» **Required action**:
Copy out only the lines running from the one that contains "#RussieAfrique #RussieCongo https://t.co/A5JCNKqUtM" through the end of the listing. Pictures stay out.

» **Input material**:
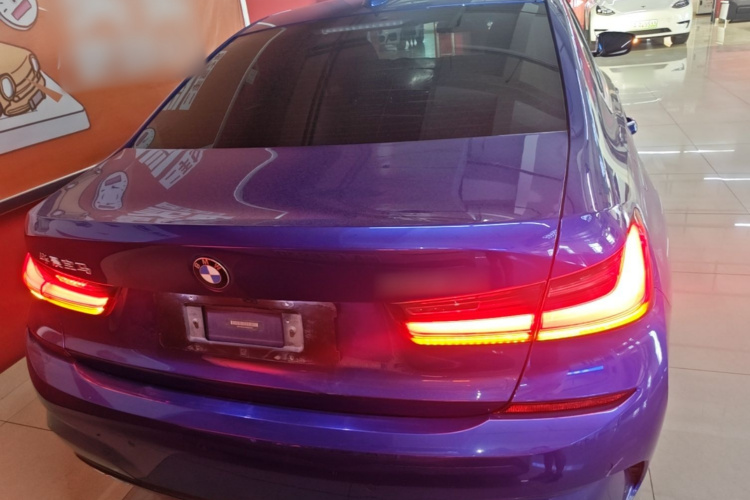 BMW 3 Series 2021 #6 BMW 3 Series 2021 car image #6
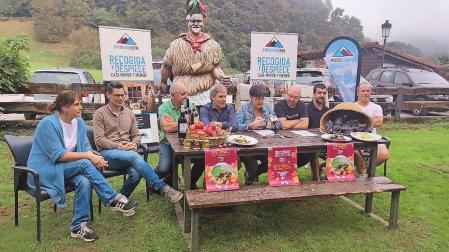De izquierda a derecha, Lorea Luzuriaga (Donamariako Benta); Javier Villanueva (Pirineos Exdim); Juan Antonio Prieto (Productos Artesanos Errotazar); Carlos Lezeaga (Pirineos Exdim); Belén Urrutia (Posada de Elbete); Rubén Gárate (Restaurante Olari); Óscar Martínez (Tresanea Ostatua); y Koteto Ezkurra (Bodega Inurrieta).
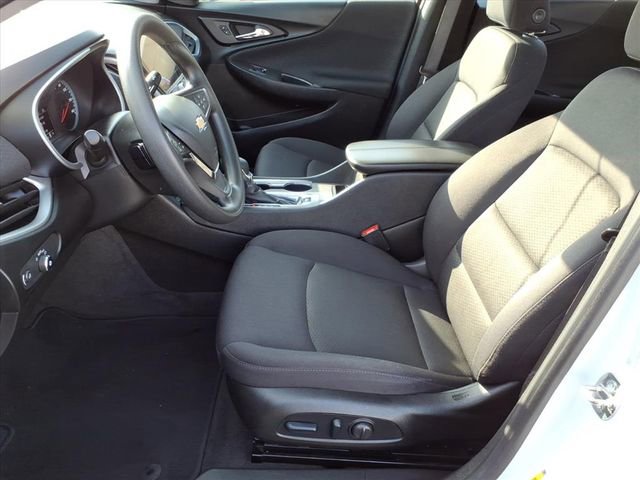 Used 2024 Chevrolet Malibu LT image 11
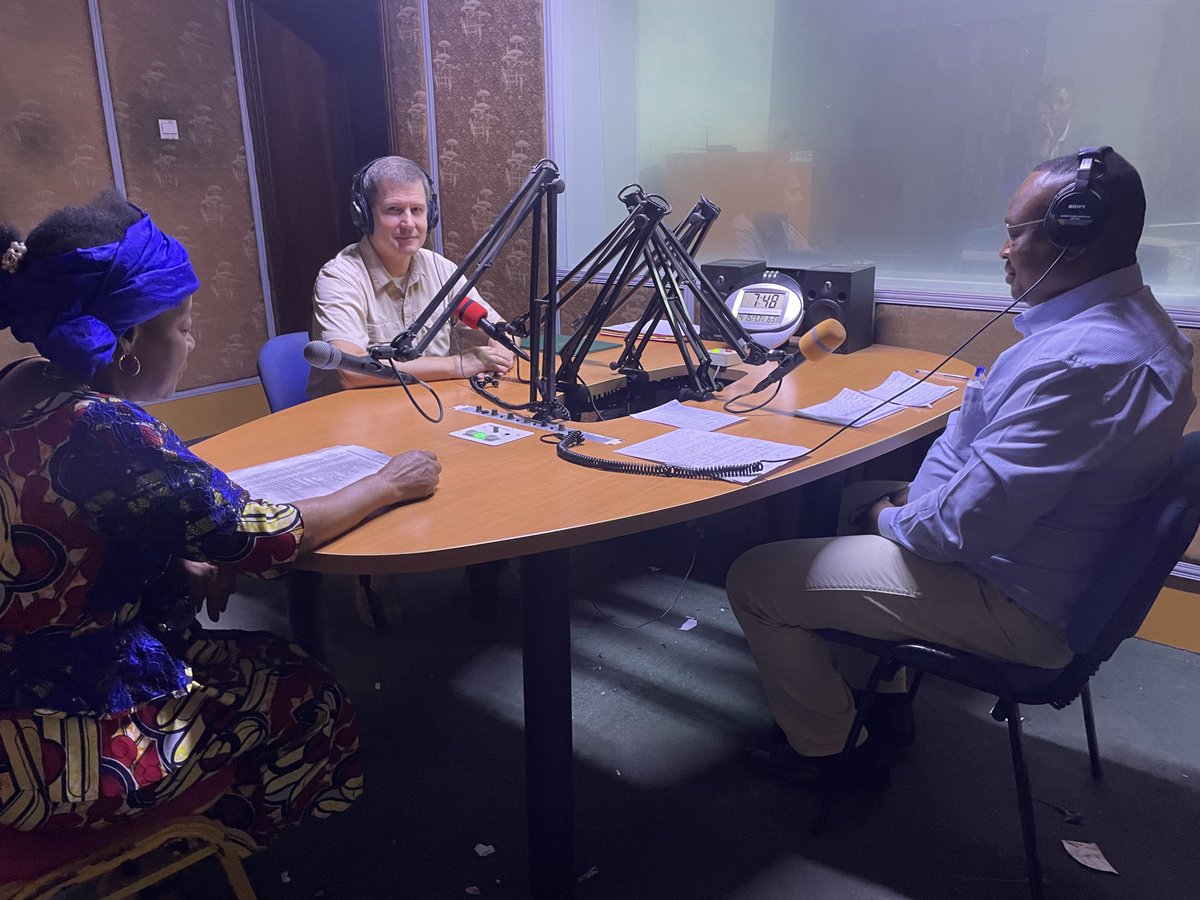 Russie_au_Congo's tweet photo. 🇷🇺 📻 📢 Le 16 avril 2023 SEM Guéorguy TCHEPIK, Ambassadeur de #Russie en République du #Congo, s’est exprimé en direct sur les ondes de la radio nationale congolaise «#RadioCongo».
#RussieAfrique #RussieCongo https://t.co/A5JCNKqUtM
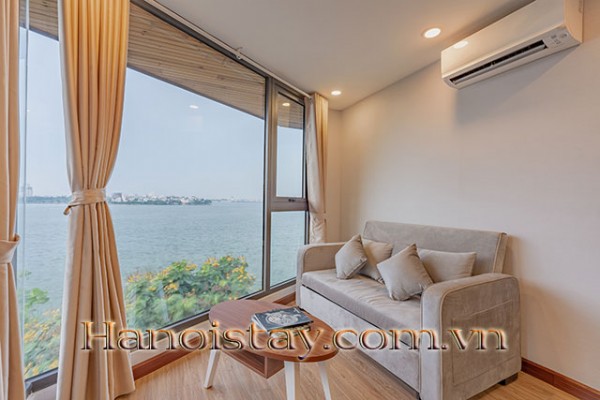 *Deluxe LAKE VIEW Apartment Rental in Central Òf Hanoi, Viet Nam* 13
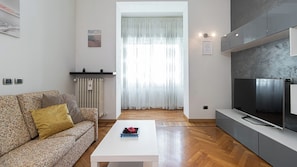Apartment (1 Bedroom) | Living area | TV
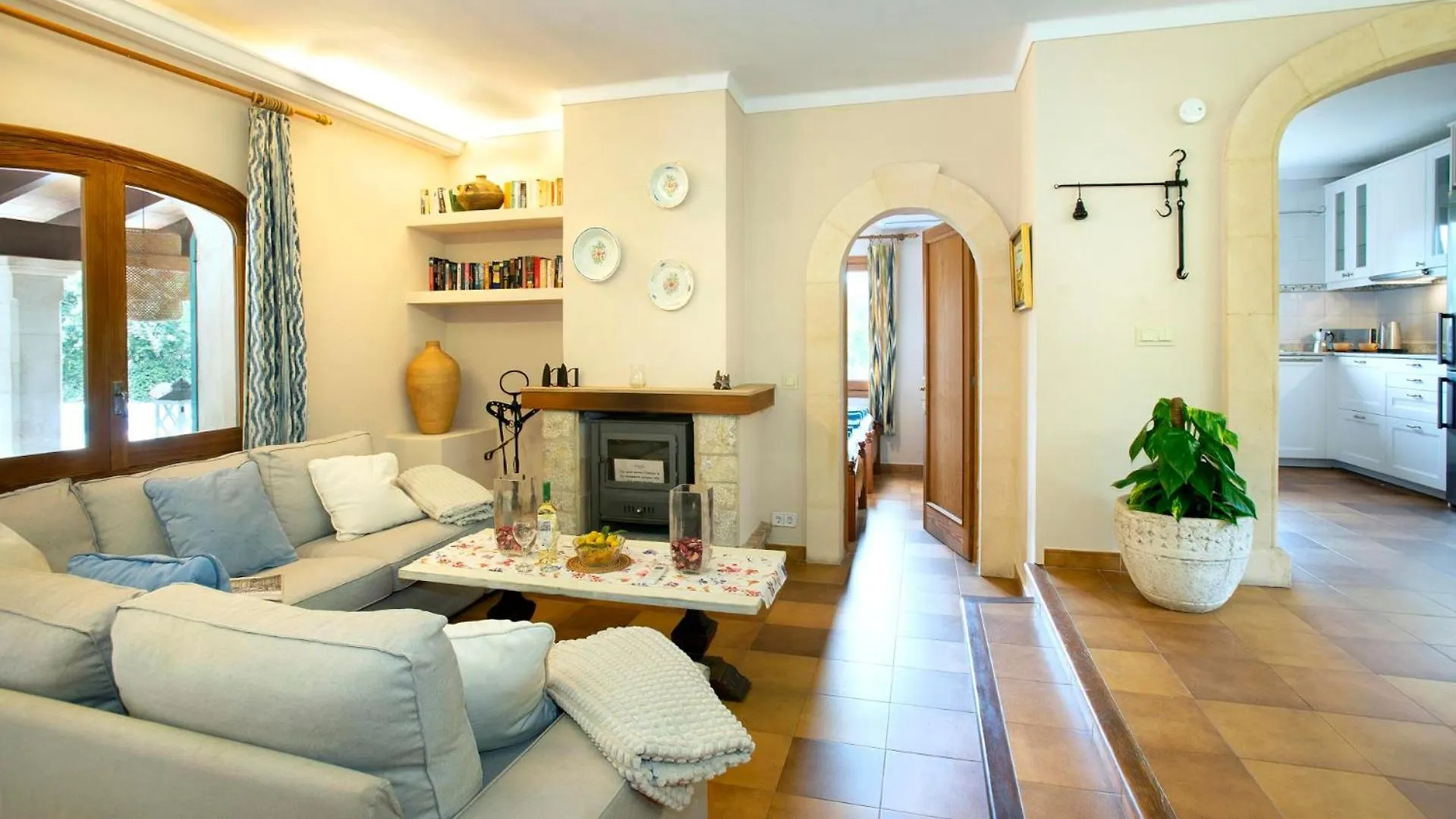 Villa Alzines By Vintage Travel Pollenca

» **Answer section**:
#RussieAfrique #RussieCongo https://t.co/A5JCNKqUtM
 *Deluxe LAKE VIEW Apartment Rental in Central Òf Hanoi, Viet Nam* 13
Apartment (1 Bedroom) | Living area | TV
 Villa Alzines By Vintage Travel Pollenca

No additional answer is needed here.